On Thu, 7 Jun 2007 23:19:32 +0100
"James Urquhart" <[EMAIL PROTECTED]> wrote:

> Alban,
> 
> > An IDE would indeed be nice but quiet hard to do. One idea i had was to
> > extand scvm to allow editing the game, but well up to now just vague ideas.
> 
> Interesting idea, though i feel it might be moving towards the wrong
> direction (if you are thinking of moving a lot of the debugging
> front-end to it that is). I think what would be more useful would be
> allowing the hypothetical IDE to connect to the debugger (using a pipe
> or tcp port), poking and prodding values and loaded objects using a
> typical debugger GUI.

As said currently it is just some thought, this idea come from 2 facts:
both need to be able to load/show/edit all resources type available, and
both need to render the whole thing (although an IDE could do with a
simplified version).
Now regarding the typical design with a GUI - debugger connection i doubt
that it is really needed. This approch is indeed needed when you work on
code that run on real hardware, in particular if your target hw is limited.
However with scumm everything is software so simply bringing the code
together is much simpler.

> Thinking more about "editing the game", it sounds a bit like that
> runtime recompilation feature in Visual C++, where you can make minor
> modifications to your code and re-compile it into the running
> application.

Actualy i never thought about that, only editing object, actors, etc.

> I'd imagine you could replicate similar functionality by
> patching in re-compiled scripts (and/or resources) to scvm - that is
> of course if ScummC supports that sort of functionality.

That could probably be done using object files (.roobj) and a sort of
dynamic linker, provided the VM have the symbol tables for the running
game.
 
> I agree that creating an IDE would be quite hard to do, although not
> impossible.
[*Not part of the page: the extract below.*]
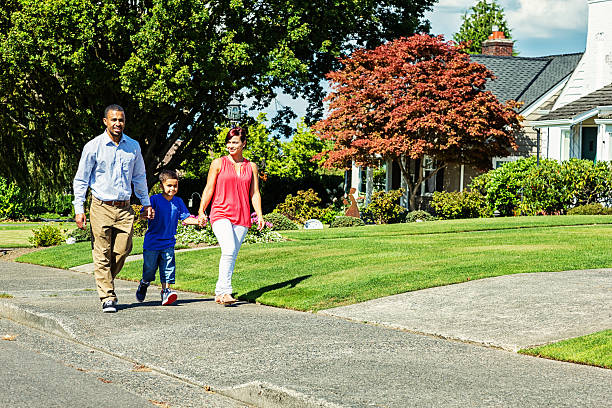 istock Happy Family of Three Going for a Walk 464178605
Of course, there doesn't necessarily need to be an IDE -
> we could just make more single-purpose GUI tools. Either way, it would
> really help if more people were interested in ScummC. :)

Starting small is probably a good idea, that's sure :) However more small
GUI tools, dunno, it could lead to some pretty mess.
 
> One can only dream, i guess...

One can do too ;) Anyway the first step we need still belong to the dream
world. We must first get a clear idea of what we want exactly, what features
we need, would be nice, etc, and a basic idea of how the whole thing should
look like. For a start imho we need at least something like:

 * A tree to browse the ressources (rooms, objetcs, costumes, etc)
 * A room editor where one can at least places and edit the objects.
 * Allow loading external files / using external editors for all the 
   stuff not doable with the GUI (costumes, sounds, scripts, etc).
 * A code generator that take the save format used by the GUI and
   generate the sources and Makefile.

In the end evidently we want editors for everything: boxes, costume, images,
fonts, scripts, etc. But we should start with the most useful parts first.